It's obvious on the video that multiple red cards should've been issued.  I counted at least two on each team (one for the Mexican guy that knocked the New Zealand player down to start the whole thing, one for the New Zealand guy who responded by putting him in a choke hold, another to the guy that body slammed the New Zealand player, and one for the New Zealand guy who headbutted someone).  There might've even been more than those four, as well as potentially some yellows (including one for the tackle on Mexico No. 5 that led to the whole melee).

So, after looking at the video, what does the lead referee decide to do?  Not a damn thing!  Several obvious red card offenses, and what does he give out?  Three yellows, two of which were for the original foul and the New Zealand player's reaction.  He watches the video, sees all of the same replays as everyone else, and determines nobody did anything wrong.  Seriously?!  And this guy is supposedly one of the best officials in the world?

To make matters worse, he completely killed the flow of the game with the stoppage.  The players were standing around not doing anything.  All they wanted to do was restart the game (which only had about a minute left).  But every time you thought they would resume play, he blew his whistle to track down another guy to give him a meaningless yellow card (while, again, letting the most egregious offenders go unpunished).

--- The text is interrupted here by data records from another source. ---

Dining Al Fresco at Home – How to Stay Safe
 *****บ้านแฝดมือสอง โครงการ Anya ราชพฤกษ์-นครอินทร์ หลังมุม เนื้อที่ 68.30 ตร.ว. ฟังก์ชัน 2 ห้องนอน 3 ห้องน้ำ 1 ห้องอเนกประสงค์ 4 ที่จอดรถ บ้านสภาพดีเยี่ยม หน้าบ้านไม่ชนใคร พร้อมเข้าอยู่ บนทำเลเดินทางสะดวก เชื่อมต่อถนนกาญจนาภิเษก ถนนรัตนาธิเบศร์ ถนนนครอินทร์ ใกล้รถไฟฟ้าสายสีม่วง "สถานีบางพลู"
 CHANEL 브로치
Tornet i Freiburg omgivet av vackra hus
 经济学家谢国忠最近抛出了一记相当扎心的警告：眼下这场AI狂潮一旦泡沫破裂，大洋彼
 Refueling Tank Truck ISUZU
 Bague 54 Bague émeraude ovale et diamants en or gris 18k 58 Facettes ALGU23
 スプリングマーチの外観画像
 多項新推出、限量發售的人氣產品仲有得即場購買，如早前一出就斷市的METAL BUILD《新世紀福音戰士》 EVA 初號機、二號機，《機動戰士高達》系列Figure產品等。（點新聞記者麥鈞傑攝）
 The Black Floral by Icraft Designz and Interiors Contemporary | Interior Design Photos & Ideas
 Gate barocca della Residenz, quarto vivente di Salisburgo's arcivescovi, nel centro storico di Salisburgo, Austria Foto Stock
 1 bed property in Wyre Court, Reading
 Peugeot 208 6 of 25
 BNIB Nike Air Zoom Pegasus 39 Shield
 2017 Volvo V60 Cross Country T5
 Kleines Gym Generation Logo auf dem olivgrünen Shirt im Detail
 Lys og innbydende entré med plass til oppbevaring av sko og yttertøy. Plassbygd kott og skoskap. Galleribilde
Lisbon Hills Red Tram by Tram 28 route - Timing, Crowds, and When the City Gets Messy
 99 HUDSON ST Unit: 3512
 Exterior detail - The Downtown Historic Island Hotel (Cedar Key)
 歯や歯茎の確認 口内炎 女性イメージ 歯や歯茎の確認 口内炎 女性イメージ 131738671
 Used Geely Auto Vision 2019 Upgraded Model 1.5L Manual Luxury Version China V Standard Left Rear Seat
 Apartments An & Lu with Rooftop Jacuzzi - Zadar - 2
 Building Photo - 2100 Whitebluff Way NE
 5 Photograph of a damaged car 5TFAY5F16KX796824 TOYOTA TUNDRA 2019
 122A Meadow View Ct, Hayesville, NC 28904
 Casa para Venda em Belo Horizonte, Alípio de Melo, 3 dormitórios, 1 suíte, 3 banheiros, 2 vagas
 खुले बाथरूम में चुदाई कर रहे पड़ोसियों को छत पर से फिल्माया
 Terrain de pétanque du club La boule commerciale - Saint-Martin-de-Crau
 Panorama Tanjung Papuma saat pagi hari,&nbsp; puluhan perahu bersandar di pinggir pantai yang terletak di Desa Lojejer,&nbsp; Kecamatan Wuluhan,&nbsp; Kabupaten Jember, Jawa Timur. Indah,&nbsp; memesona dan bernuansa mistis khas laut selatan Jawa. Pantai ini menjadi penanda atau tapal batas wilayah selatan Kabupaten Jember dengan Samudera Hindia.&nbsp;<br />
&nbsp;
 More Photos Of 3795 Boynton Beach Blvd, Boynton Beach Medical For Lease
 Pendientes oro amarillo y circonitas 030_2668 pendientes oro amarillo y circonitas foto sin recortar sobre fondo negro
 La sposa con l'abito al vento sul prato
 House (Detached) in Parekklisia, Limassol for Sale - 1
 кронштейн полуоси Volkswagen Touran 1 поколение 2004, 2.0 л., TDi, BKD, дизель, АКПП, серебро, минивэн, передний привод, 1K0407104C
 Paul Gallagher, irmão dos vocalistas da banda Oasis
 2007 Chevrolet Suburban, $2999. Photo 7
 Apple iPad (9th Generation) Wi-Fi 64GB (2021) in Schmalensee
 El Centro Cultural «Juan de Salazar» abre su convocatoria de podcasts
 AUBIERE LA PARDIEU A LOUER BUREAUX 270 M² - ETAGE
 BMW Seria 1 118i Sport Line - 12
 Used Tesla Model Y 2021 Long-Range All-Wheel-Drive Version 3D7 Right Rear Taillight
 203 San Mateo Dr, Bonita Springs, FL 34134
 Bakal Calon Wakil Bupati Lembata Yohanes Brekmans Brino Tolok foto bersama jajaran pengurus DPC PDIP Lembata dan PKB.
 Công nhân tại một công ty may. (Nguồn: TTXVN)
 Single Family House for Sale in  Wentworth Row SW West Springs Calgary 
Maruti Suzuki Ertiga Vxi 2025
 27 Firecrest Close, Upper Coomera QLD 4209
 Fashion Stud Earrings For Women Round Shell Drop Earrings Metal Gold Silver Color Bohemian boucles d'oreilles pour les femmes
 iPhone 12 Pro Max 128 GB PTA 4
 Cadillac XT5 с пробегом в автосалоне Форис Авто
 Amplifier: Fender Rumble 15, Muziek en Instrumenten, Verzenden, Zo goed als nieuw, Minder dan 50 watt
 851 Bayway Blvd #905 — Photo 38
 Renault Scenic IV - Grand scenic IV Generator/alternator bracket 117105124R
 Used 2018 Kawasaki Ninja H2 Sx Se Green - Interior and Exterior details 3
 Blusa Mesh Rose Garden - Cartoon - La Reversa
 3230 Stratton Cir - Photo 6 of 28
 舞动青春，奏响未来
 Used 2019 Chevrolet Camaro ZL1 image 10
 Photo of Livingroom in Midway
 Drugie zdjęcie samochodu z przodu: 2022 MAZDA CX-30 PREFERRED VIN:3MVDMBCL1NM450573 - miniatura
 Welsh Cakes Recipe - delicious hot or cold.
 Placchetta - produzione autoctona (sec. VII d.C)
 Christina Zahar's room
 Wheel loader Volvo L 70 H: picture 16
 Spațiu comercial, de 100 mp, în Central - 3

Instant replay, in all sports, is designed to correct obvious mistakes or be used as an aid for identification, etc.  People had been clamoring for its introduction into soccer for years, especially after some blatantly bad (and easily correctable) calls either cost teams World Cup berths (Ireland) or advancing in the World Cup (England).  So its implementation was welcomed by many, even if there were concerns that replay stoppages would cause too much of a disruption to the pace.

Next year's World Cup will be the first one that uses both goal line technology and instant replay.  The Confederations Cup was designed to be a test run so that the system operates as smoothly as possible when the games matter the most.  Well, if the group stage of the Confederations Cup is any indication, there are a lot of kinks that need to be worked out.  Because it's embarrassing how badly the referee handled the Mexico-New Zealand brawl.

There have been a few other uses of replay during the Confederations Cup, but in those situations I think the officials handled it properly.  Russia was somewhat controversially not awarded a penalty kick in its loss to Mexico, but that was a judgment call on the field, and I can see where the official didn't change his mind.  He at least went over and looked at it, but I wouldn't say he missed it--unlike the Mexico-New Zealand referee.

I also wonder what the purpose of the VAR is if the only thing they can do is suggest the referee take a look.  In baseball, the replay umpire is the one that makes the call.  Same in hockey.  In tennis, they show the replay on the screen in the stadium for everyone to see.  In football (the other kind), it's the referee's decision, but they only do a review if a coach challenges or the call comes from upstairs.

Maybe that's part of the solution.  If the replay official determines the play is worth taking a look at, he should be able to give the referee some input.  After all, he's the one who thought it should be reviewed in the first place.

Above all, the point of instant replay is getting it right.  And I think we can all agree that hasn't happened so far.  Hopefully next summer, they will.  Because you'd hate to see a team's World Cup ended because the official still got it wrong after looking at the replay.  The best teams in the world deserve better than that.